Whooping cranes at Blackjack Peninsula

An adult whooping crane and its offspring stand alert to a passing barge while foraging on Blackjack Peninsula at the Aransas National Wildlife Refuge. Blackjack Peninsula is one of five areas federally designated as critical habitat for the endangered Whooping crane species.

A longstanding survey of whooping cranes wintering in Texas has been canceled because of COVID-19 health concerns, the U.S. Fish and Wildlife Service announced Tuesday.

“Due to the close exposure this survey requires and the fact that our pilots and observers often travel in for this effort from different parts of the country, we decided to forgo the aerial survey this winter with COVID-19 cases currently spiking,” said Wade Harrell, USFWS whooping crane recovery coordinator, in a news release. “Fortunately, missing one survey year out of many will not significantly affect our ability to monitor long-term population trends while maintaining the health and safety of our staff.”

A pilot and at least two observers occupy a small plane for up to four hours at a time to conduct the aerial surveys, Harrell said.

Federal biologists have been conducting aerial surveys of whooping cranes on and around their wintering grounds at Aransas National Wildlife Refuge since at least 1950. The surveys provide insight into the long-term population trends of the endangered species that was once near the brink of disappearing.

The whooping crane population is now estimated to be more than 500 birds, according to aerial winter surveys conducted in recent years.
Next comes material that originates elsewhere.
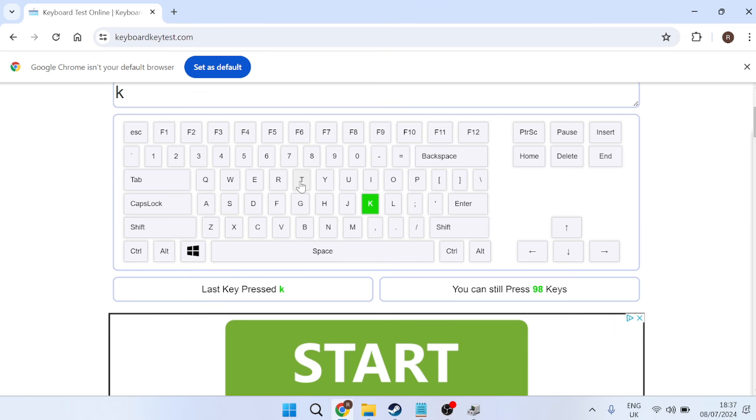Hopefully this video helped you fix the keys not working on your keyboard. If this video did help, please consider dropping a like and subscribing. Until next time.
All of the whooping cranes alive today, including wild and captive, are descendants of the last remaining 15 cranes that were wintering at the Aransas National Wildlife Refuge in 1941.

Harrell said other activities conducted by partners, such as the Texas Parks and Wildlife Department’s Texas Whooper Watch program, can help fill information gaps that the survey cancellation may create.
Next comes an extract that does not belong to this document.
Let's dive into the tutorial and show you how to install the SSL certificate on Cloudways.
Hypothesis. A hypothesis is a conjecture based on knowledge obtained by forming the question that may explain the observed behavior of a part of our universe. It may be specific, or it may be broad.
The Texas Whooper Watch program allows citizen scientists to report whooping crane sightings and is particularly useful for those spotted outside of the aerial survey area. During the last few years, surveys have shown that whooping cranes are expanding their range outside of the primary survey area at Aransas National Wildlife Refuge.

Depending on available food, each pair of whooping cranes needs 300 acres of habitat to winter and raise their young.
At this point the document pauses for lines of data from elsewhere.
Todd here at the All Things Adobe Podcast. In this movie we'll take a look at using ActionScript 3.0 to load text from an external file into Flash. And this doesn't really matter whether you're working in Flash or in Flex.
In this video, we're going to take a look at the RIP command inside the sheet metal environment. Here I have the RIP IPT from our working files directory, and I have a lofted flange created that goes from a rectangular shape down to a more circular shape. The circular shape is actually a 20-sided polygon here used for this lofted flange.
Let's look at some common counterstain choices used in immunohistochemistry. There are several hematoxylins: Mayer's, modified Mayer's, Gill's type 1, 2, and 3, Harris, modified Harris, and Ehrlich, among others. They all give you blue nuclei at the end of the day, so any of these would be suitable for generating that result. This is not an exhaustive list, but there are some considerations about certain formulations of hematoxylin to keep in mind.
The USFWS is also working with the International Crane Foundation to test a new online application with a small group of citizen scientists to report banded whooping cranes. The information can help the USFWS better understand whooping crane survival patterns through the winter.

Biologists plan to resume the aerial survey in January 2022 and are continuing to mark whooping cranes with telemetry tracking devices as part of an ongoing joint research project between the U.S. and Canada.

“While we are disappointed that the historic aerial survey will not take place this year, we are encouraged by the fact that enduring partnerships enable us to continue to monitor the population this winter in a safe way,” Harrell said.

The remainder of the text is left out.